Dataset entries
• • • • • • •

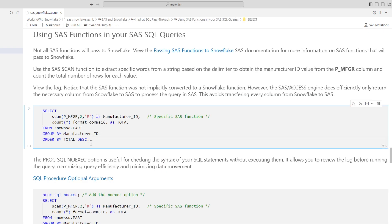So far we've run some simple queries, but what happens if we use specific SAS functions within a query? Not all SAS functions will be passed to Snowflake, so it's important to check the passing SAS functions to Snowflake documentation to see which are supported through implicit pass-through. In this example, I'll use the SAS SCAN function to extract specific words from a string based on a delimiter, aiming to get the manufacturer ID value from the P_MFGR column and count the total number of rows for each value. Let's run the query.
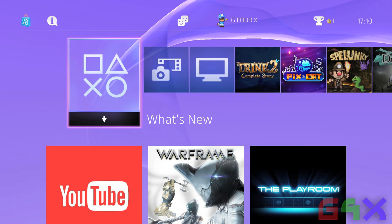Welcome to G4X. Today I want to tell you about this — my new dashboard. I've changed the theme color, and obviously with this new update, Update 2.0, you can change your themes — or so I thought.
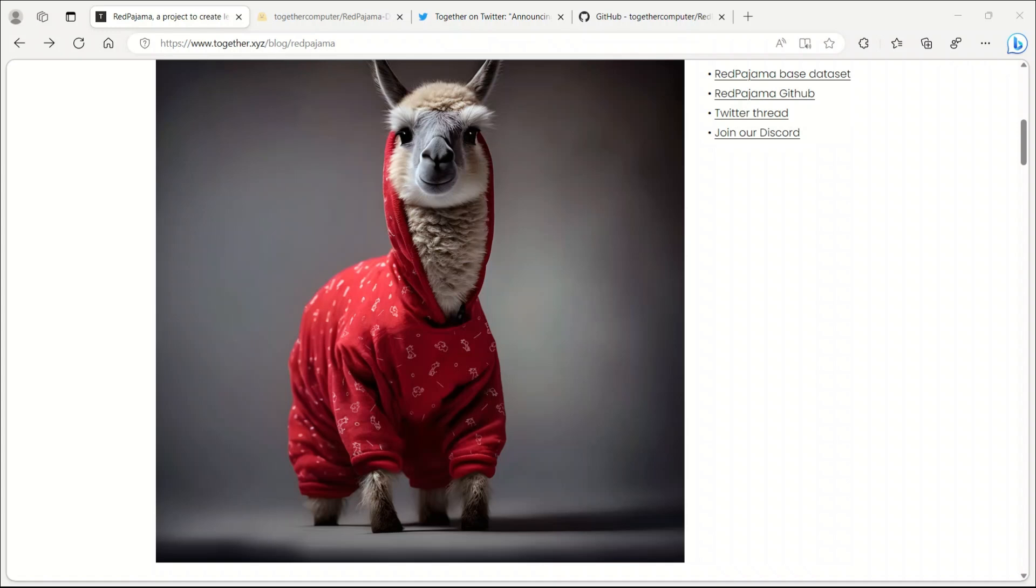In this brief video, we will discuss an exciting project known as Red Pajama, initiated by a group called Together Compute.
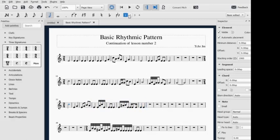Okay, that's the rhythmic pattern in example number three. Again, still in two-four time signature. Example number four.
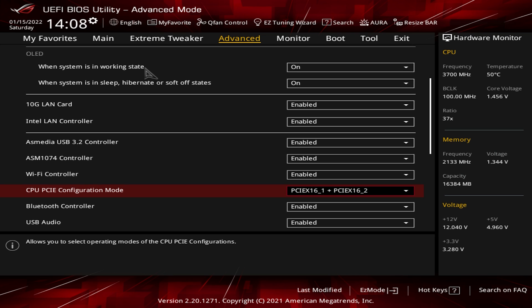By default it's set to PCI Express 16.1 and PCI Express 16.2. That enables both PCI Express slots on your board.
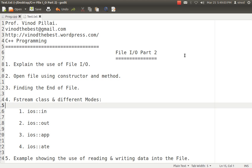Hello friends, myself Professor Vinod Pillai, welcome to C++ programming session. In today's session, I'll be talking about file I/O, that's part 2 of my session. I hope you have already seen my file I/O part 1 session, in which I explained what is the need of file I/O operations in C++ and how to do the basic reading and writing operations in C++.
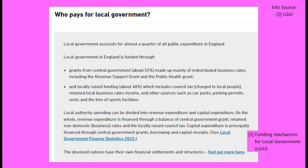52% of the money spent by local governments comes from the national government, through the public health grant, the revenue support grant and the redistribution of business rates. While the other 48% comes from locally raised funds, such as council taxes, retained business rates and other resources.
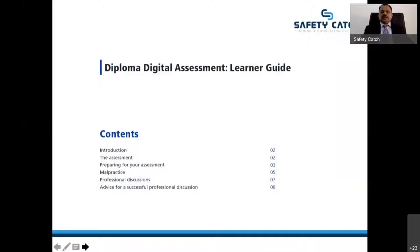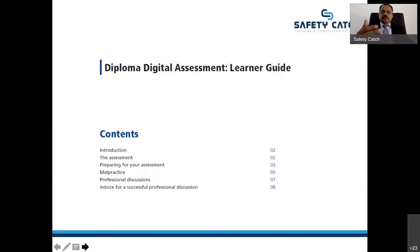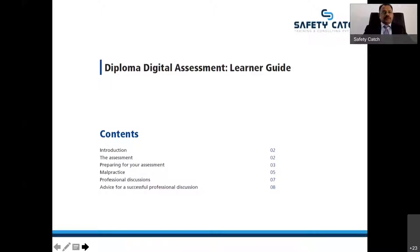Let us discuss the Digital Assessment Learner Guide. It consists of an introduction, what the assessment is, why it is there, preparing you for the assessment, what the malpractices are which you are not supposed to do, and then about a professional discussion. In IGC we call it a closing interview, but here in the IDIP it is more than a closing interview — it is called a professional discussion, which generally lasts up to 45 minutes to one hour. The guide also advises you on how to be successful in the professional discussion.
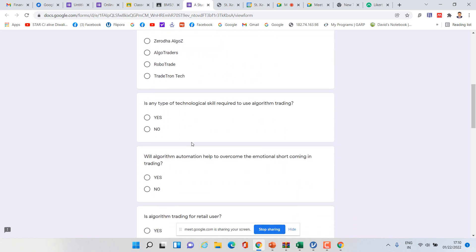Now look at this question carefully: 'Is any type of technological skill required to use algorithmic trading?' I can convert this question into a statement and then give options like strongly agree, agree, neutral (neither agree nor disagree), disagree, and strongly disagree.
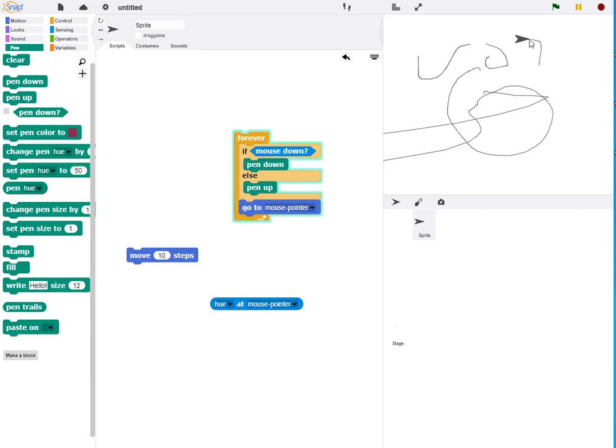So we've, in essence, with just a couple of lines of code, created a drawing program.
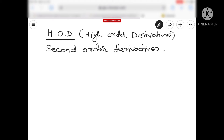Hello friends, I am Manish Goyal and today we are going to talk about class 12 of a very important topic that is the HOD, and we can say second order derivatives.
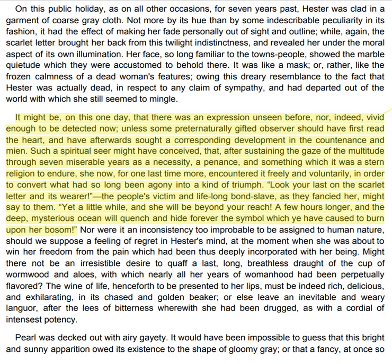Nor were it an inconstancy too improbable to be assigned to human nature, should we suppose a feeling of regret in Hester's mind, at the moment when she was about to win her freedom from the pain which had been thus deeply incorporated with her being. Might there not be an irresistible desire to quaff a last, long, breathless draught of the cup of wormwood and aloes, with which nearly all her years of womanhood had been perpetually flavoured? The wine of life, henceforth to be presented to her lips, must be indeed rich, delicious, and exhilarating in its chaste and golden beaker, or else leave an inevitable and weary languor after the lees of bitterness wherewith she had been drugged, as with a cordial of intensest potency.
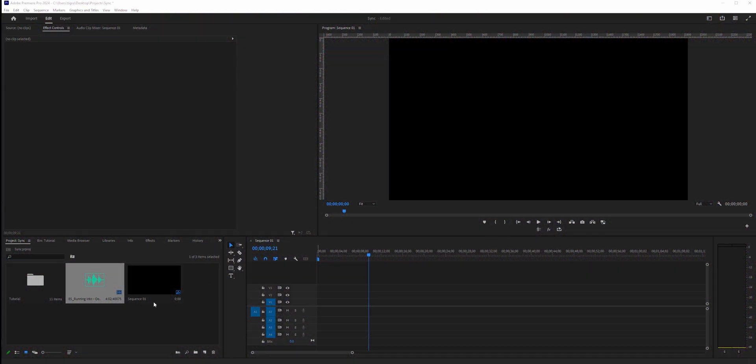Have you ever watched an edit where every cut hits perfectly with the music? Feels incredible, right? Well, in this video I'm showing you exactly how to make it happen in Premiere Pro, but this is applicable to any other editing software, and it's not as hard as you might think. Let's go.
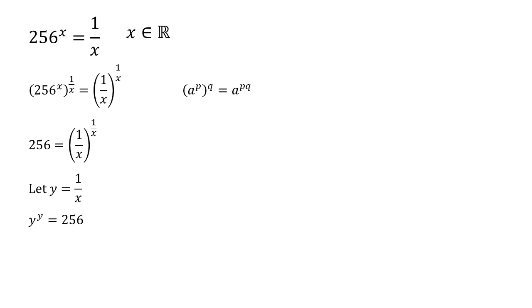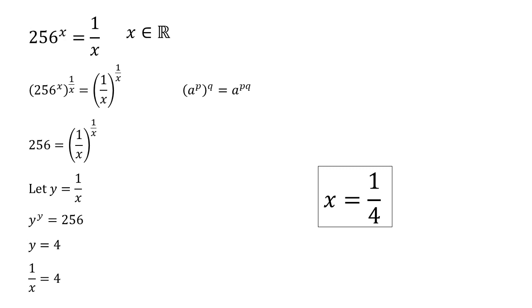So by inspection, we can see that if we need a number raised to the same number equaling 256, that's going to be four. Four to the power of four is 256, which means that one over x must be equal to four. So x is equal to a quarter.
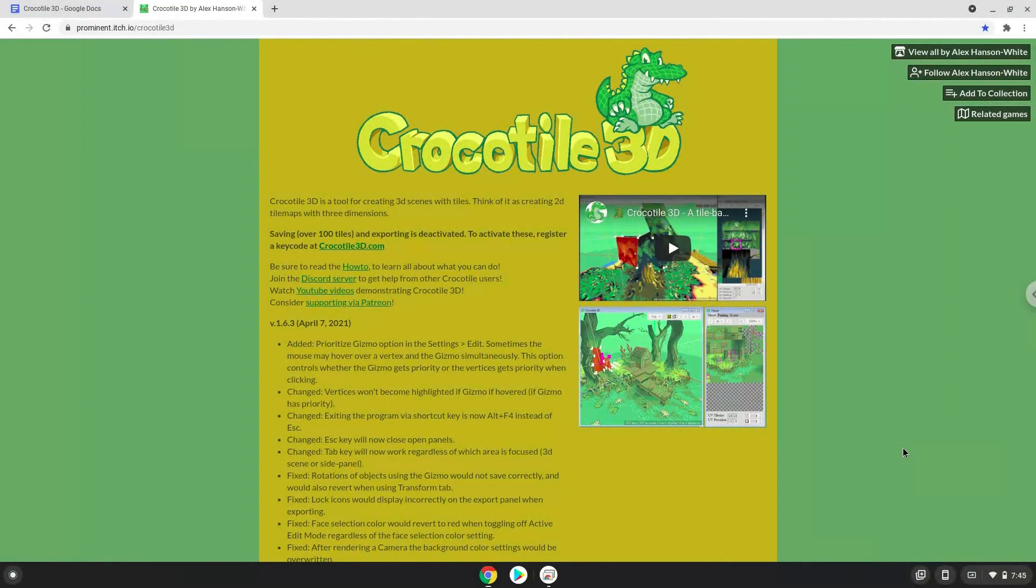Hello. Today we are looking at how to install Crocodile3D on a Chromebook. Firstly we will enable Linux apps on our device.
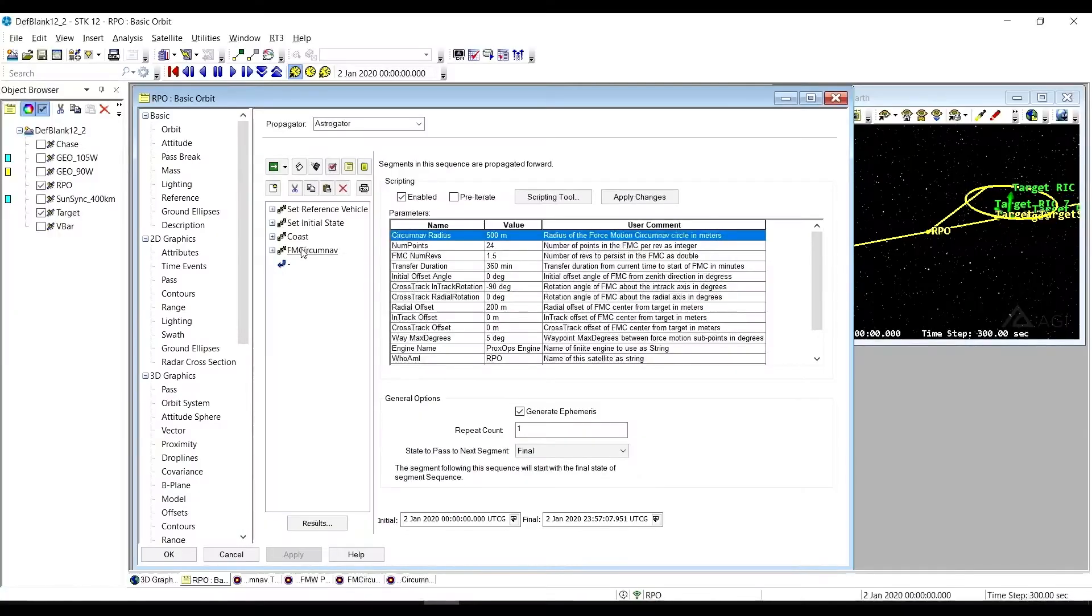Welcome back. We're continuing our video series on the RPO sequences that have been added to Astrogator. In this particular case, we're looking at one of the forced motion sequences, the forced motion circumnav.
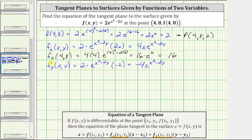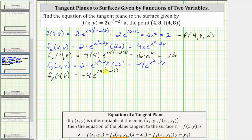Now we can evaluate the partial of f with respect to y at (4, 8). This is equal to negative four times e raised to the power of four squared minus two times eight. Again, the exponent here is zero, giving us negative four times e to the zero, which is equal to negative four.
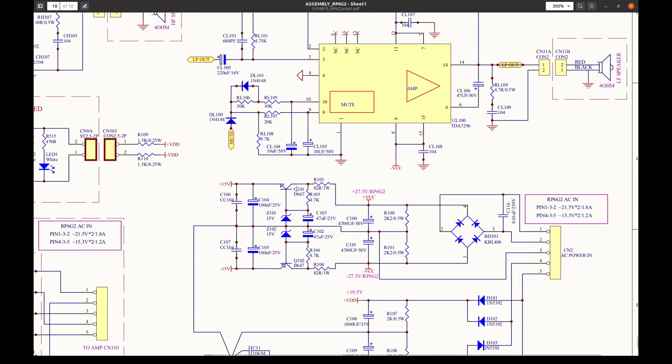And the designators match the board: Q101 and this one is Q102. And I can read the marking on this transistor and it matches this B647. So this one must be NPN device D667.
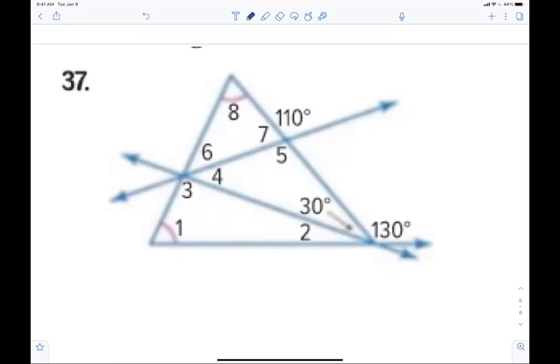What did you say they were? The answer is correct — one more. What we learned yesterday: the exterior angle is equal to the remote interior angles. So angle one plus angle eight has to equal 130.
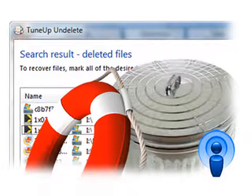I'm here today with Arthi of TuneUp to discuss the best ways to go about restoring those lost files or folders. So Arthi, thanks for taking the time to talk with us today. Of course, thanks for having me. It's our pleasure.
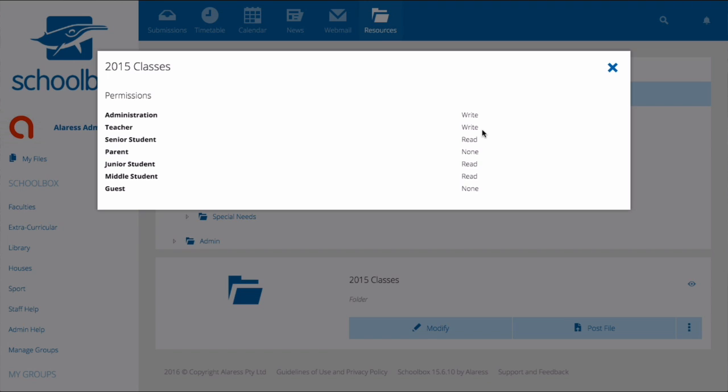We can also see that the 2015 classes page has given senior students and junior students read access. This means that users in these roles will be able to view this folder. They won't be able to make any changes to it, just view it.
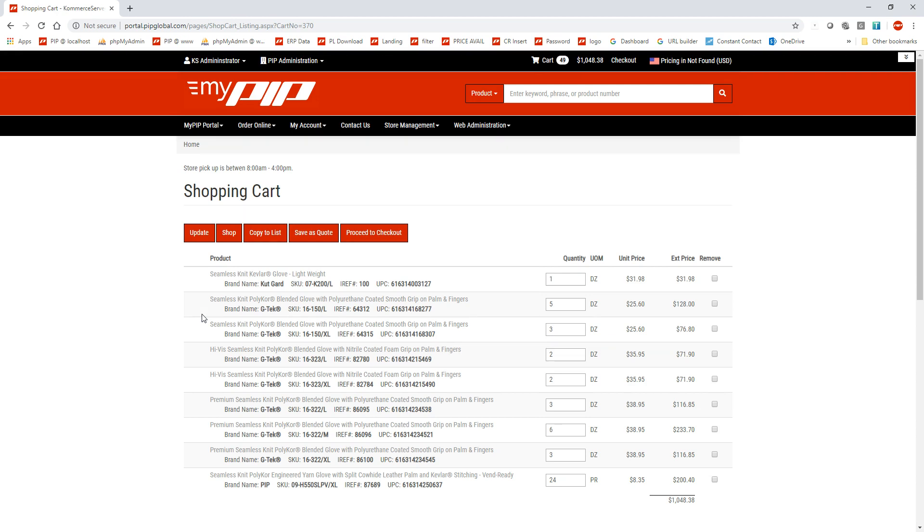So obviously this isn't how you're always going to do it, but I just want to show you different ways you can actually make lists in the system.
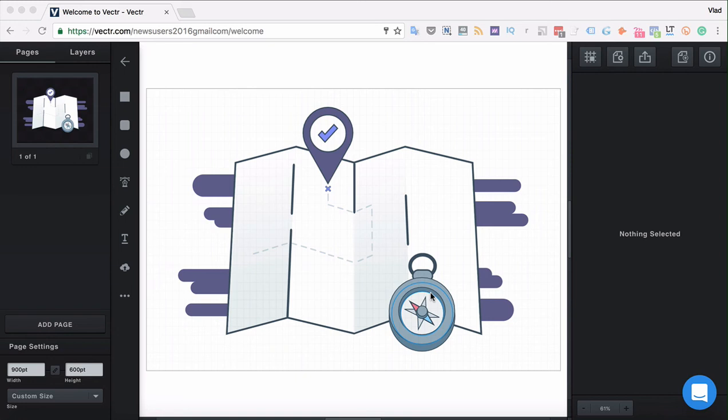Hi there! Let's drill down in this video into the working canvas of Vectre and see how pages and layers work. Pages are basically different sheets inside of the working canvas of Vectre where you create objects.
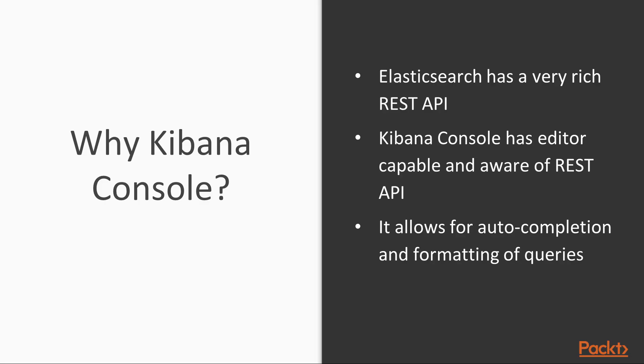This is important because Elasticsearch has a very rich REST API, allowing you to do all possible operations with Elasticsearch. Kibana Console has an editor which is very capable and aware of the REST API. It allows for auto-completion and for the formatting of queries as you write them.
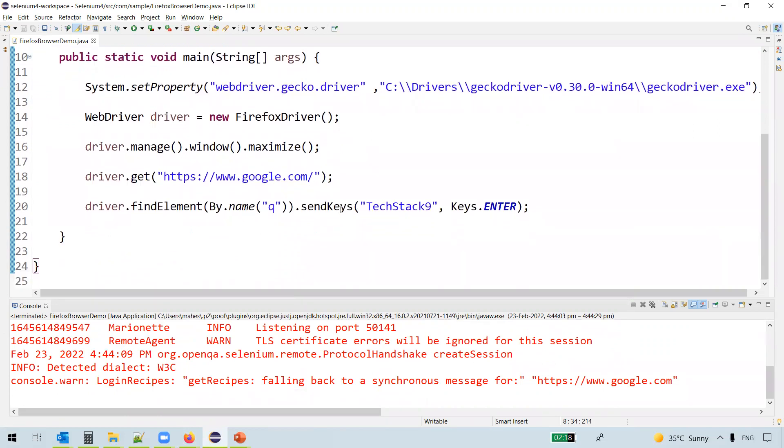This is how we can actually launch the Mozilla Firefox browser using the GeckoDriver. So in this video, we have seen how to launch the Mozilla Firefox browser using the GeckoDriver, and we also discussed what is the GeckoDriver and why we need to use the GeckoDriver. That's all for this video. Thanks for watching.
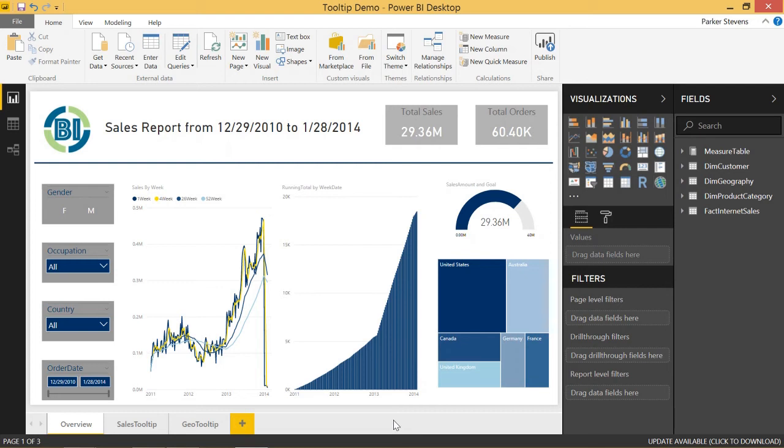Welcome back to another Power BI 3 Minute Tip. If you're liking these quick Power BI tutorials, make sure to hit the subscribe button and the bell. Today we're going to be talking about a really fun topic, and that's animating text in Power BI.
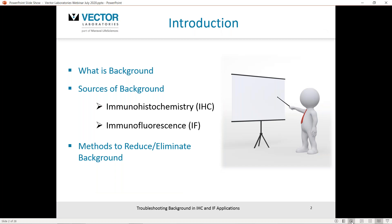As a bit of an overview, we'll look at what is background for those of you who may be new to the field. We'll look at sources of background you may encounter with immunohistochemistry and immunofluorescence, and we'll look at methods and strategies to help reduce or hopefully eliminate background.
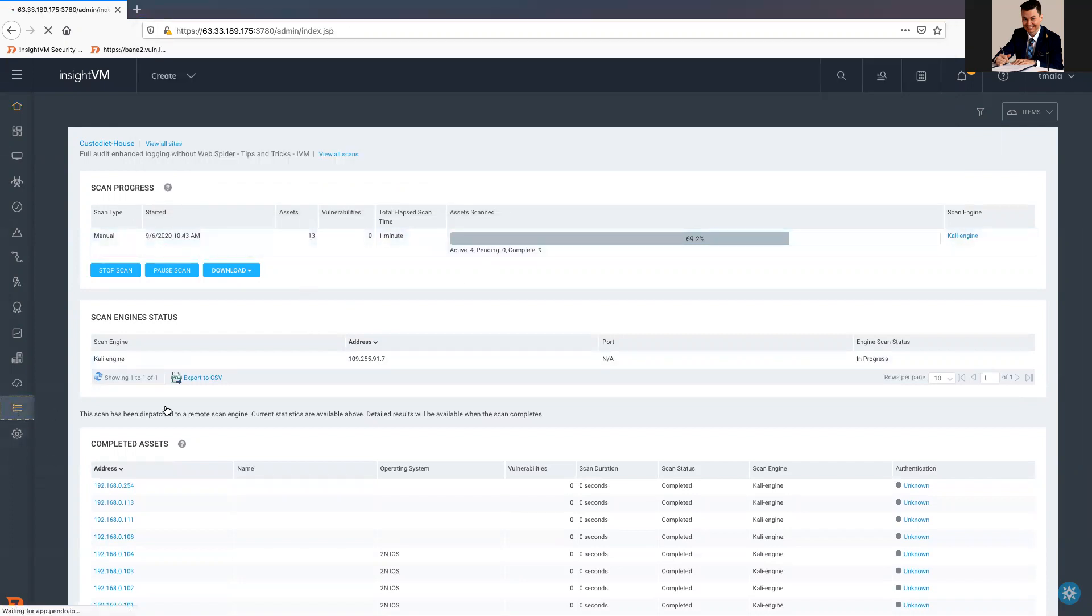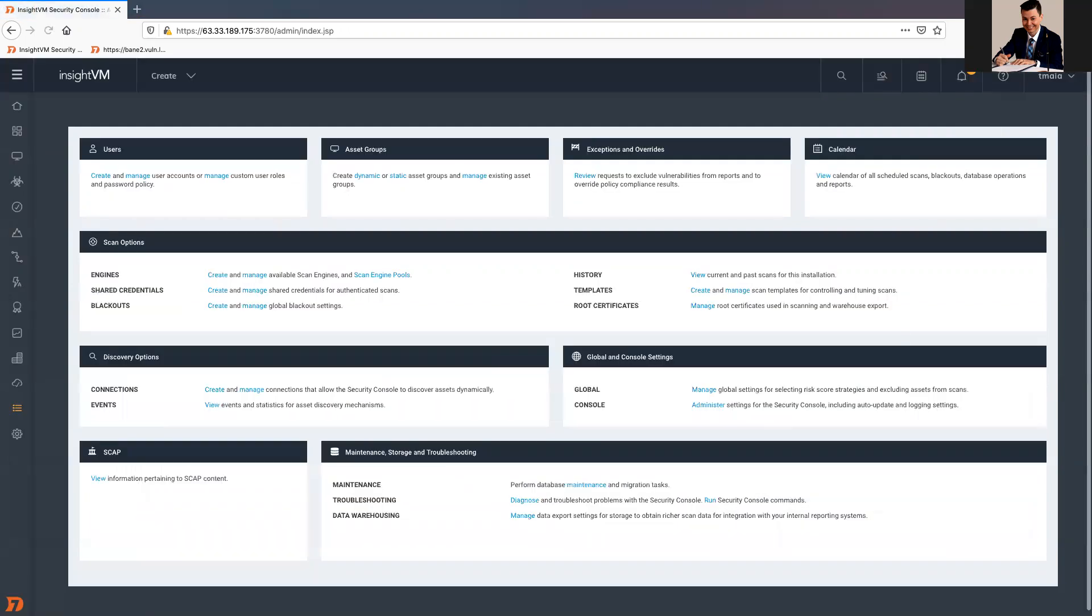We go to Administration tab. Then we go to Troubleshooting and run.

• • • • • • •

* _What to work on_
Pictures in the entries do not go into the copy. Print only the lines starting at the one containing "Hello. Today we" and ending at the one containing "And the designators", exactly as they appear.

* _Response_
Hello. Today we are looking at how to install Crocodile3D on a Chromebook. Firstly we will enable Linux apps on our device.
Welcome back. We're continuing our video series on the RPO sequences that have been added to Astrogator. In this particular case, we're looking at one of the forced motion sequences, the forced motion circumnav.
Now we can evaluate the partial of f with respect to y at (4, 8). This is equal to negative four times e raised to the power of four squared minus two times eight. Again, the exponent here is zero, giving us negative four times e to the zero, which is equal to negative four.
And the designators match the board: Q101 and this one is Q102. And I can read the marking on this transistor and it matches this B647. So this one must be NPN device D667.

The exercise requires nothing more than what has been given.